Definition: A portfolio of interdependent or intersecting initiatives that reinvent a business organization and discover a new or revised business model based on a vision of the future.
It may involve:
- Getting more revenue from current product or service
- Creating a leaner support organization
- Shifting from internally-focused to externally-partnered product development
- Ramping up the search for acquisitions and adjacencies
- Developing a new set of cultural principles
- Introducing a revised approach to performance management aligned to the initiatives
In order for transformations to succeed, leaders may need to learn a broader set of transformational leadership capabilities such as dynamic coordination of resources, stronger collaboration across boundaries, communication in the midst of uncertainty and how to prioritize and stop lower-value activities.

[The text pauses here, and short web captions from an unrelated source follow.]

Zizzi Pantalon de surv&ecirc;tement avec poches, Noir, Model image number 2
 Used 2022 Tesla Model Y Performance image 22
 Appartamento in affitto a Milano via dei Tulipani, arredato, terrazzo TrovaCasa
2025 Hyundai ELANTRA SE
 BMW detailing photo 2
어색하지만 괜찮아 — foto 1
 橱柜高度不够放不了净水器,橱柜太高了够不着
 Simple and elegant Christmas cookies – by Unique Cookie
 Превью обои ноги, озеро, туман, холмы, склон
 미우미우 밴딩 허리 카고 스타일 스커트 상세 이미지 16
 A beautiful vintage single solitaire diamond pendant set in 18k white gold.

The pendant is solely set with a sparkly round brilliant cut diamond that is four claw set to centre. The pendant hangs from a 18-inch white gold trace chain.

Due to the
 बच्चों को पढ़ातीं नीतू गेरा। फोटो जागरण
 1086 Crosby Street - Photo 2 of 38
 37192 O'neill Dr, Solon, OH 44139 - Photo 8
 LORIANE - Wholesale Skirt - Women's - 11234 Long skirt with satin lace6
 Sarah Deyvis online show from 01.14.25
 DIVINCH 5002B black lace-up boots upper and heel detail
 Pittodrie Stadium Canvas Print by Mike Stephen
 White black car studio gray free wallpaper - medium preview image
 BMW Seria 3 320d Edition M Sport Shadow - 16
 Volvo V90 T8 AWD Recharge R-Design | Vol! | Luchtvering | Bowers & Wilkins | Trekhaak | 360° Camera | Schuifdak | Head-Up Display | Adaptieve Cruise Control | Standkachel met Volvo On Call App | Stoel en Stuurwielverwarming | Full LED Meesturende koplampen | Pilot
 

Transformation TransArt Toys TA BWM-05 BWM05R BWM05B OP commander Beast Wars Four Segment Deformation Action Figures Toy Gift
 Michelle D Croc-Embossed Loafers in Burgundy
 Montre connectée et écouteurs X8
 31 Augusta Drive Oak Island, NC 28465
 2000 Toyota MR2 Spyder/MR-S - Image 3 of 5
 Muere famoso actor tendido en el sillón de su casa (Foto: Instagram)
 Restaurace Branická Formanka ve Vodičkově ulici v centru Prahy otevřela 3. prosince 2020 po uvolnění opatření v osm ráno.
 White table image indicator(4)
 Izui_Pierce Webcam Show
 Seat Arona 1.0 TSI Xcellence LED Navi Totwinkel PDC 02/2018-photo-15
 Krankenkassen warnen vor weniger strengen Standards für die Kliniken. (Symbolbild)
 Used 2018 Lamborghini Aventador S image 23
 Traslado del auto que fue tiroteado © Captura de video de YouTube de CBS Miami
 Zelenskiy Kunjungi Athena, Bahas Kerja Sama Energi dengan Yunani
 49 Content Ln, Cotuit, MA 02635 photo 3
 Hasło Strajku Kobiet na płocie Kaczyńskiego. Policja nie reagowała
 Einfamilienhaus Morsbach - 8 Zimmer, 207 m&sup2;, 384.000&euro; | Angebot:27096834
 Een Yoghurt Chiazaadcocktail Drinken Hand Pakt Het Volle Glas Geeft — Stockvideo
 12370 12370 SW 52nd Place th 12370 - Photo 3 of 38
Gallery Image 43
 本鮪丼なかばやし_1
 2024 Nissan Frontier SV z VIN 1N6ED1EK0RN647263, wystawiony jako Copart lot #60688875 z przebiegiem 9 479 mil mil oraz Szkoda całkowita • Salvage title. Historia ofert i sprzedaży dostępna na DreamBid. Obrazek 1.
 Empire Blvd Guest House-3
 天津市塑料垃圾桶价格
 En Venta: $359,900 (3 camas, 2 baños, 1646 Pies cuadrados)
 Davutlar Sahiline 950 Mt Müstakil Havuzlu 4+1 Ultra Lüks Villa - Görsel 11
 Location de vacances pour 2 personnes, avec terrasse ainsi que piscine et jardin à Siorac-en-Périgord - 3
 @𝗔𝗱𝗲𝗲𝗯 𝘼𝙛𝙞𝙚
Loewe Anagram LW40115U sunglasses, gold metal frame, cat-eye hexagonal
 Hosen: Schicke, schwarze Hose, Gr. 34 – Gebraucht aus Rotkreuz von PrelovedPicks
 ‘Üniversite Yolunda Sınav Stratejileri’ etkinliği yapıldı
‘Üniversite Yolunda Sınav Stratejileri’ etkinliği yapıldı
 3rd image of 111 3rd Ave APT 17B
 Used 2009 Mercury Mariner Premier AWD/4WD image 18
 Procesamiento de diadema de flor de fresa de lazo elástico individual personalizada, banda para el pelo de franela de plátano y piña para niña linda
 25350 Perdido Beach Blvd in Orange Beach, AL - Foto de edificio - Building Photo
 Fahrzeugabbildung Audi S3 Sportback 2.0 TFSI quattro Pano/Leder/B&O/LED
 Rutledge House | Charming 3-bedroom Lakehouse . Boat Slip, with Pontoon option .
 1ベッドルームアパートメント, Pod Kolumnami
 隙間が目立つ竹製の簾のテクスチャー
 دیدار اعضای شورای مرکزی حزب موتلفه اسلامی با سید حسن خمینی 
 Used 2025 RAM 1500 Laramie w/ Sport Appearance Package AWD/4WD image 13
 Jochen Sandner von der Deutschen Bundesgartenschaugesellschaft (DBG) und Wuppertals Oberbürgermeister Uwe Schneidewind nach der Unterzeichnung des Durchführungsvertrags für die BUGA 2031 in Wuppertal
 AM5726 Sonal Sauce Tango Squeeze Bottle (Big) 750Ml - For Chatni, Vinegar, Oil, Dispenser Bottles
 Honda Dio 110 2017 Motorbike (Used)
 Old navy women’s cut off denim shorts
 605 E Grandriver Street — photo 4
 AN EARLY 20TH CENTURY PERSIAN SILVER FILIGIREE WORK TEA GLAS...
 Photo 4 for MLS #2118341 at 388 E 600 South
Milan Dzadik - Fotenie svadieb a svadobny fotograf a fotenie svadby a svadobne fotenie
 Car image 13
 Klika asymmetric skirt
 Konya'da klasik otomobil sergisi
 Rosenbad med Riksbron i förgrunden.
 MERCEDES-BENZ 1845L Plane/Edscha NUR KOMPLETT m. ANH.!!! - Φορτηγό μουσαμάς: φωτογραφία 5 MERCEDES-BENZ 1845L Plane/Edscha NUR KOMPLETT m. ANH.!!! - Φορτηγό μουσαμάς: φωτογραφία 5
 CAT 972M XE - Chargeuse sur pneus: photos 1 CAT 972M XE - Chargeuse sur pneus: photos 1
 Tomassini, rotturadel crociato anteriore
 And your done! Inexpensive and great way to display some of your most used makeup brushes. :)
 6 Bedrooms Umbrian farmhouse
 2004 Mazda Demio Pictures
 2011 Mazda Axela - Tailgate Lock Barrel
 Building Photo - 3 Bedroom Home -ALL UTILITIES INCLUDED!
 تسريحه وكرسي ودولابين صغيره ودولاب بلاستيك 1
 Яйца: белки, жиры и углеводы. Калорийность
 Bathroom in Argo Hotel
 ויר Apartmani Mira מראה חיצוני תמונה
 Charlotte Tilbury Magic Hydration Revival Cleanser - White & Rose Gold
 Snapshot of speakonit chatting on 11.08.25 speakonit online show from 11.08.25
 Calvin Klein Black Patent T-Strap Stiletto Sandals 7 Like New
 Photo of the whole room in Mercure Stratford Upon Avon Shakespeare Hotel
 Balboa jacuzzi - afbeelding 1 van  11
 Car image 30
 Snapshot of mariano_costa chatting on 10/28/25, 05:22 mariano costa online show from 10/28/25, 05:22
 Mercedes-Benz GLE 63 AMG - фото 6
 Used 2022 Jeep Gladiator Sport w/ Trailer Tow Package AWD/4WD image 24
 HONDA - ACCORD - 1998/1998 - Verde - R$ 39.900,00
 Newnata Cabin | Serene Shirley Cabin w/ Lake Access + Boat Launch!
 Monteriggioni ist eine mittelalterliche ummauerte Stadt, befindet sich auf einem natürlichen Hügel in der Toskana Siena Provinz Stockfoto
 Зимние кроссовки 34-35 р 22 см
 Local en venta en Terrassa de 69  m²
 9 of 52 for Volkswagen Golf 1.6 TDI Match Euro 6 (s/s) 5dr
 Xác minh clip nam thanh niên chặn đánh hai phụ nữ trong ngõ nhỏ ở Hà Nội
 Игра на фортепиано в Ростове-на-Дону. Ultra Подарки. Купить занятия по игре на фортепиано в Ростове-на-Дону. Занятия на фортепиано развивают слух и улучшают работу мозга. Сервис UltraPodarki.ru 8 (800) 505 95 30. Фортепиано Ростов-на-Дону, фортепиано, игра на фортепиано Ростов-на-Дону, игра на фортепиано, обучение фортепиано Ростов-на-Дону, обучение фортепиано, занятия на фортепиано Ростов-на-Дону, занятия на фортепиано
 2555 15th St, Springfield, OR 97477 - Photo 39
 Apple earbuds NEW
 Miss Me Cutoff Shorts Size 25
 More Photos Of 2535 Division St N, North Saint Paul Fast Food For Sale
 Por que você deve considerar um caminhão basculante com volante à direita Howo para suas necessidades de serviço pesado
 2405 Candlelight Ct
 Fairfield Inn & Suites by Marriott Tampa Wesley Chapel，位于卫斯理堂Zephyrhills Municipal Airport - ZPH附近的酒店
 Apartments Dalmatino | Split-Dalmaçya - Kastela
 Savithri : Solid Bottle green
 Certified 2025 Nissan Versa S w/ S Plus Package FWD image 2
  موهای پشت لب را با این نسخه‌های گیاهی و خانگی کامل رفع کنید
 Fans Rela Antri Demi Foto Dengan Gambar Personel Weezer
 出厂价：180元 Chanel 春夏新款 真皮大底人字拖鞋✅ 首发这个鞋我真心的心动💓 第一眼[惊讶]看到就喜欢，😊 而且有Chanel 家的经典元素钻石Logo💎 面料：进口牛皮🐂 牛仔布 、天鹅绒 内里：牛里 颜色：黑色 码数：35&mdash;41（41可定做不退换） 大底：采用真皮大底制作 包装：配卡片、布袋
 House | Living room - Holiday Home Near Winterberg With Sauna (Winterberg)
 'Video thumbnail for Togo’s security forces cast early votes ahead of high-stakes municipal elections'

An independent survey* of Western European enterprise-level companies that had undertaken transformations found that:
- 44% were motivated by growth in international competition
- 34% were motivated by industry consolidation
- 34% were motivated by increased competition in domestic markets
- 86% felt that managing transformations is an integral part of management
- 30% felt it was something at which they excel
While the goal is to make the company into something totally different, no one knows for sure what the final outcome will be. Transformation is as much a process of discovery and experimentation as it is of execution. While managers really do know how to execute discrete changes, they tend to know much less about how to engineer a transformation.